The list is revealing on many levels – it should and will be a lesson to political science majors for years to come.
A few things about the article I find interesting...
...less realistic reasons given, which point to some staffers not even getting in hindsight why they failed:
I just think they should have really gone after [Obama] back in the summer and in the fall. (i.e. earlier and harder than they did)...some comments that show a similarity to Neo-Con and Machiavellian thinking :
...it spoke to the character issue: The sense that she will say anything and do anything to get elected.
There was financial mismanagement bordering on fraud.
...polling memos that cherry-picked only positive polls when we were up and ignored polling when we were down.
Notoriously bad managers, they filled key posts with newcomers loyal to them but unknown to and unfamiliar with the candidate...
...they didn't know what they didn't know and were too arrogant to ask......and fundamental flaws:
There were so many consultants, instead of full-time staff.... too many people that had too much else going on on the side.
Running as an incumbent, as the inevitable candidate... in a time when the country is really hungry for change.
Making our chief strategist our one and only pollster.
Her people spent all of 2008 making lists blaming each other (but never themselves) rather than lists of solutions.

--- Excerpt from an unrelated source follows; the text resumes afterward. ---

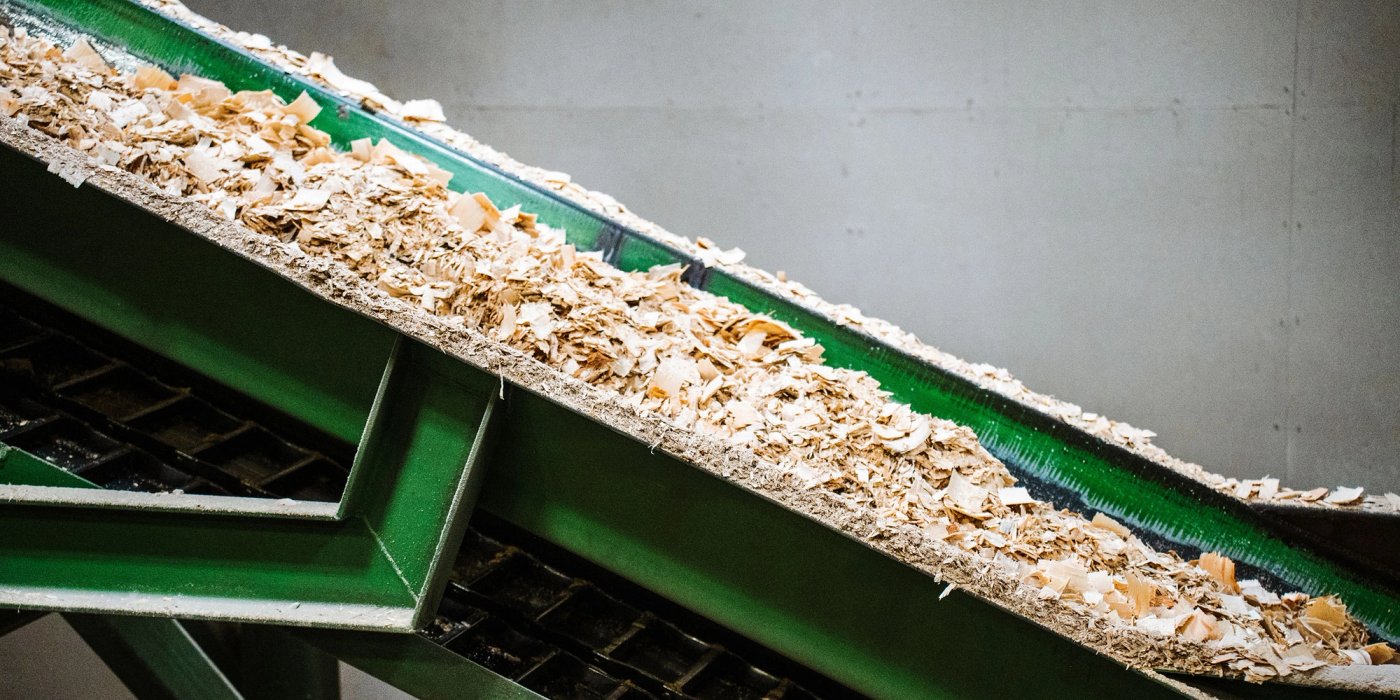 a conveyor belt transporting wood chips.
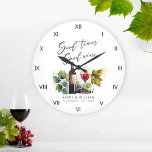 Elegante Waterverf Wijn Passen getrouwd namen Grote Klok<br><div class="desc">Deze elegante Waterverf Wine Passen getrouwd Names Large Clock heeft een prachtig gemaakt waterverf ontwerp van een wijnglas en wijnfles, waardoor het een ideaal geschenk is voor elk vrijgezellenfeest, jubileum of bruiloft. Deze prachtige klok voegt een vleugje verfijning toe aan elke ruimte en dient als een gekoesterde aandenken voor het...</div>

So just about every problem you could conjure occurred. But I would say there were significant problems that possibly only an outsider can see. Here's my list:
1. Obama should never have been attacked. Thinking that going on every offensive, and calling Obama her "opponent" for months and months is a good idea is just flawed thinking for a primary. I'm no formal student of the craft, but even I know that attacks in campaigns do two things: A. they bring attention to your opponent, and B. they make you both look bad. Negative campaigning from the front lines is a desperate battle – a scorched earth tactic that claws for a marginal victory, not the right choice of the "inevitable" candidate.I really think she could have copied Barack's hopeful message, agreed with him on everything, and beat him. She did for a while, but in the end, fear took over, and, intimidated by his poise and position, the camp fell back on an attack mode.
2. Her public image was atrociously false. That she thought she had to be anything but her authentic self to win over Democrats was, in my opinion, her most visible blunder. So many of us wanted to like her, but as she continued to shapeshift, laugh inappropriately, and pander shamelessly, she lost those of us who just wanted Hillary. This is not just her failure, but I believe it's the failure of her generation, and the biggest difference between the old and the upcoming new wave of politics. We'll see more politicians rise to the top through integrity and authenticity, as the unyielding, ever-national media coverage, hungry for gaffes and misstatements, continues to leave no room for liars, bigots, and hypocrites. National is the new Local. Ask Macaca.
3. Mark Penn. Now, I know this is a reason insiders agree on, but here's what I saw: a sweaty, ungroomed, fat pig of a man, with a whiny voice and combover, as The frontman spokesperson in those post-debate interviews. Anyone who would give (well, promise, anyway) $5 million to such an obvious mess of a human being (just on appearances alone!) lacks considerable judgment. The rest is said by her staffers.
4. Hillary never learned to speak to a crowd. With a challenger like Obama, you gotta learn how to command a crowd. She thought that monotone yelling into a microphone was the way to rouse the masses. No – it's off-putting, unprofessional, and yes, SHRILL. She should have been in training for crowds, and had people around her tell her she needed training.
5. She thought that being a woman was enough... and many of her strongest supporters still do. But there are a great number of men and women, who pine for more women in power positions, and support all kinds of equal rights, who feel she is not the right person to be president. She could have won them over. Instead, she alienated these would-be supporters with cheap cries of victimhood, and uninspired rhetoric that simply drew attention to her gender. Her words had little to get behind, because ultimately she is not a very likeable person, and she never saw that or endeavored to correct it.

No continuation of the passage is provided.